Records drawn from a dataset
┄┄┄┄┄┄┄┄┄┄┄┄┄┄┄┄┄┄┄┄
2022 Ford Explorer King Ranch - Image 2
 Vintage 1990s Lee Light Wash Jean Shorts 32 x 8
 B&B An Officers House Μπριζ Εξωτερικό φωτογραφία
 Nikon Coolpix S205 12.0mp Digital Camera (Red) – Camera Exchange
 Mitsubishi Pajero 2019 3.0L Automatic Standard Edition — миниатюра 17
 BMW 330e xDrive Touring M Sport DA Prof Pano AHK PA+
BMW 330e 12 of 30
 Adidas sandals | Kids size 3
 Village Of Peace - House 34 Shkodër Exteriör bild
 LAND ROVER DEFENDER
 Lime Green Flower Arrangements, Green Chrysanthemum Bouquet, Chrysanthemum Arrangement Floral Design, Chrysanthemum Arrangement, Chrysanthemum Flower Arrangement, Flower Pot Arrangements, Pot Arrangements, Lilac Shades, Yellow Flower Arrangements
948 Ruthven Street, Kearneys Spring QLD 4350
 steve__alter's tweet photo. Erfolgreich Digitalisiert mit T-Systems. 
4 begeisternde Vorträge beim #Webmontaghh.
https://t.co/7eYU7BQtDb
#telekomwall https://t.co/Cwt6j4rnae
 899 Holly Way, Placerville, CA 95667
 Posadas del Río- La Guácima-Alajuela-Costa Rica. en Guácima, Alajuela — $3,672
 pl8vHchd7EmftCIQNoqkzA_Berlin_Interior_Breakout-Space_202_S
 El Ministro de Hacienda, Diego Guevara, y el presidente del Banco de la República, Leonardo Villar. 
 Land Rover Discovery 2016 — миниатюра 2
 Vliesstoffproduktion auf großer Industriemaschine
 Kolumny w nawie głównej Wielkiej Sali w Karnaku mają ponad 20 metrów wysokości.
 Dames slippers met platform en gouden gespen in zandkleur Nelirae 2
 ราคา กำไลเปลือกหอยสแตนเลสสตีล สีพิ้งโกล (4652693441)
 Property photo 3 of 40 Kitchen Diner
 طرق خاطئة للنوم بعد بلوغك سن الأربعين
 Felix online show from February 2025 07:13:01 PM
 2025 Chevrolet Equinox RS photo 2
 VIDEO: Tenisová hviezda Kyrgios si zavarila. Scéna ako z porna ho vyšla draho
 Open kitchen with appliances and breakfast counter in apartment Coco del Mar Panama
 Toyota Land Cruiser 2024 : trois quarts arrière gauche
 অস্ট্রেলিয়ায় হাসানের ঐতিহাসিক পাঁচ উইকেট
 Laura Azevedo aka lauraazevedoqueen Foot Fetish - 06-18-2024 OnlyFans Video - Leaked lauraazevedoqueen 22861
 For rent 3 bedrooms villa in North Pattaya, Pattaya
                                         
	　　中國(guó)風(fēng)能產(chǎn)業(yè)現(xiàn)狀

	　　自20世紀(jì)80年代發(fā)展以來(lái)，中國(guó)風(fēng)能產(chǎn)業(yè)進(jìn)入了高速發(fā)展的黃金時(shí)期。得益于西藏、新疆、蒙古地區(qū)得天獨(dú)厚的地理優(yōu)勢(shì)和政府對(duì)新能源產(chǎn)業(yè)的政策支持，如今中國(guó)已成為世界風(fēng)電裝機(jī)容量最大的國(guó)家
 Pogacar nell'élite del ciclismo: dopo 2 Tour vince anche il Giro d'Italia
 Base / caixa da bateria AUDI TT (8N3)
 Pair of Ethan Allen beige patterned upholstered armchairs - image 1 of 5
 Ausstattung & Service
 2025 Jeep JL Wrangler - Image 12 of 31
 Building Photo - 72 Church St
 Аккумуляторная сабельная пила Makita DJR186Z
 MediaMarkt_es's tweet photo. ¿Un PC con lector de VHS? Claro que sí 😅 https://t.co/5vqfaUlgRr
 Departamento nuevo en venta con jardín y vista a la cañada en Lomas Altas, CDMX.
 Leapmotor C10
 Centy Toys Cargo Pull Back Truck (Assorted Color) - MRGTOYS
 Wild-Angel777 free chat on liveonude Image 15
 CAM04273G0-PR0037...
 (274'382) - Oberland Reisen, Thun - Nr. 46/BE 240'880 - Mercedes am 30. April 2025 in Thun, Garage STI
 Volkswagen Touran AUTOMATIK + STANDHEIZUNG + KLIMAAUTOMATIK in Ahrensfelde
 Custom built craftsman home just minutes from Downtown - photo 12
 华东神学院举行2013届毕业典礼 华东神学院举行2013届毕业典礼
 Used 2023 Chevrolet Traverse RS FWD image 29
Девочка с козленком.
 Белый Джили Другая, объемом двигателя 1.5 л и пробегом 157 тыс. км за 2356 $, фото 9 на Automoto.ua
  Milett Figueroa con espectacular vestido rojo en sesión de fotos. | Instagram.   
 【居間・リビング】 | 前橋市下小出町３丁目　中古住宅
┄┄┄┄┄┄┄┄┄┄┄┄┄┄┄┄┄┄┄┄
DESCRIPTION OF THE TASK
In the entries above, find the line holding "Village Of Peace" and the line holding "LAND ROVER DEFENDER", then retype exactly those two lines and every line between them, and nothing else.

WRITTEN SOLUTION
 Village Of Peace - House 34 Shkodër Exteriör bild
 LAND ROVER DEFENDER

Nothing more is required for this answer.